Chicago really is a fantastic place to live – despite the oppressive summer humidity and bitter winter wind. They rebuilt the whole place from the ground up after the Great Chicago Fire, and then later lifted it all up on jackscrews to put the first comprehensive sanitation plan in the United States into action. It was the first city in the United States to have a homosexual rights organization, in 1924. They invented the steel high rise and ushered in the skyscraper era. During the Civil Rights Movement, The Young Patriots, poor boys from Appalachia who migrated to the city, partnered with Fred Hampton in the Rainbow Coalition. You can find every kind of food you’d ever dream about, every major sports team, every kind of entertainment, everything you could imagine, all within reach. There’s even more than 8,000 acres of parks. Was it any of these things that drew the Mothman to Chicago? Or was it something else?
You might wonder if I actually believe in the Mothman – if I set up trail cameras or head out after dark hoping to catch a glimpse of something between monster and man, something between our world and the one I know exists beyond it. I don’t think it matters really. Something’s existence has never changed it’s ability to influence human life – and plenty of people will tell you about how much Appalachians believe in monsters. The people up there are different – haven’t you heard about the Hatfields and McCoy’s? There are plenty of other monsters in Appalachia – the Snallygaster, the Grafton Monster, the Flatwoods Monster.
The Appalachian mountains are older than Saturn’s rings – older than many religions, worn down by water and wind and the aching time of millions of years into dark hollers and humid groves of rhododendrons. Is this primeval beginning the reason that all these monsters live Appalachia? Or is it the poverty – LBJ passed his “War on Poverty” bill with pictures of us on the cover. He also used to take his dick out to threaten foreign diplomats. Hell, until the 1980s, the Library of Congress even referred to Appalachians as “Mountain Whites”. Creek baptisms and snake handling certainly ain’t done in any churches in the city. We have our harbingers of doom – or we are them for you. Jokes about hearing banjos after taking a turn down the wrong dirt road getting you killed, or even worse, a now popular movie trope. Can you believe in Appalachia without believing in monsters, or being one yourself?

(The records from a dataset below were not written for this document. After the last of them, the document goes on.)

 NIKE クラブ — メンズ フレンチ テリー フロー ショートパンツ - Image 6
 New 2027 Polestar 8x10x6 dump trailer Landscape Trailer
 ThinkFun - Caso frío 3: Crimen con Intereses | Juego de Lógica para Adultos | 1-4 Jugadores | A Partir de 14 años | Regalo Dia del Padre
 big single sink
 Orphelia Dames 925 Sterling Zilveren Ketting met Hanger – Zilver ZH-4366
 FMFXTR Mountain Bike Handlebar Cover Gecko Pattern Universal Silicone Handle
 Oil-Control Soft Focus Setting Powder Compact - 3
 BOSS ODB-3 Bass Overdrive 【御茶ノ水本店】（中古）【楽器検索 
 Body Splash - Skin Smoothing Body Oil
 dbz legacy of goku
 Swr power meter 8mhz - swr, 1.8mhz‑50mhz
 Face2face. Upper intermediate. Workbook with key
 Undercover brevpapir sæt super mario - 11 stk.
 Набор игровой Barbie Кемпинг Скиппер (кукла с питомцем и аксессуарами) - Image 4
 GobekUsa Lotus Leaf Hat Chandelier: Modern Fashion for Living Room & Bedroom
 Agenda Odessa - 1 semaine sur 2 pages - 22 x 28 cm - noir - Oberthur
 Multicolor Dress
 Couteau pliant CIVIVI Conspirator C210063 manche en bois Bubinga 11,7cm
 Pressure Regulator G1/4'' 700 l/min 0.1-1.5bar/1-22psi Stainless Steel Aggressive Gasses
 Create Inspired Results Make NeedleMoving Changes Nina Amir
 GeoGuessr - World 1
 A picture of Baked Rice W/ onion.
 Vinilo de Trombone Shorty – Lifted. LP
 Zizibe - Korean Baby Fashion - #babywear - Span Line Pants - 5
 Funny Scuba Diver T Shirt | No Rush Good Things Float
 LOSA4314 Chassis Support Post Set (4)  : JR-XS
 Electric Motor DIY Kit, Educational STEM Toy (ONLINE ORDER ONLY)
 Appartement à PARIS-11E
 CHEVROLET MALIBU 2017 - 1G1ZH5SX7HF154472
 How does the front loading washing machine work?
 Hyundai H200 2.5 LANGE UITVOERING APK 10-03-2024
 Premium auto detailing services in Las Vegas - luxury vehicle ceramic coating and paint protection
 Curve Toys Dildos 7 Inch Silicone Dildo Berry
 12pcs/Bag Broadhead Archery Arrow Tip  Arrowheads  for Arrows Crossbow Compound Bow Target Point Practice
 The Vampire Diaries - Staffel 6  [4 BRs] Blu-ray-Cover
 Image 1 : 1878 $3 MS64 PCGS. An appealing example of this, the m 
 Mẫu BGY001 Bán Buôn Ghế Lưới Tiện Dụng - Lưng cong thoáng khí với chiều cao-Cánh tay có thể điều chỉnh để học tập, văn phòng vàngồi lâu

When I think about the Mothman in Chicago, I have to wonder if he was running towards something or away from something. Or, was he just running? It’s a pretentious reference, but like how Camus says we must imagine Sisyphus happy, I must imagine Mothman scared. Because when I moved to Chicago, I was scared. He’s left something behind – for some reason he had to leave West Virginia. Like when I was younger, is Chicago as far west as his imagination will let him run? Does he go to Lou Malnati’s because he likes it, or only when people come to visit him in the big city and he needs something to show them? Does he ever ride his bike to Pilsen to buy tamales and cry on the way home, so sad and aching and grown, like I used to? Has anybody made him take a shot of Malört? Does he like Old Style? How about the Bears? What does he think of the gay bars in Boystown? Does he feel like he belongs, or is he just overwhelmed? Do the city noises keep him up at night, and when he looks out the window only to see no stars above him, how does that make him feel? Do I have sympathy for the monster, or do I just feel like one myself?
A spate of paranormal sightings is generally referred to as a flap – and the Chicago Mothman flap began in the early 2010s, but increasing in number significantly after 2016. A jogger on Navy Pier, a father and son fishing in the Little Calumet, couples walking in Lincoln Park, a trucker on the freeway – they all report some “winged-being”. The sightings continued, increasing especially around the O’Hare airport. If, as some believers claim, that The Mothman comes around to warn us of impending disaster, what is going to happen in Chicago? Nothing quite like the Silver Bridge collapse has occurred since, and the sightings continue until today. I don’t want to hear your take on the Chicago Mothman being there to warn about gun violence, because he didn’t show when Al Capone was causing just as much murder during Prohibition.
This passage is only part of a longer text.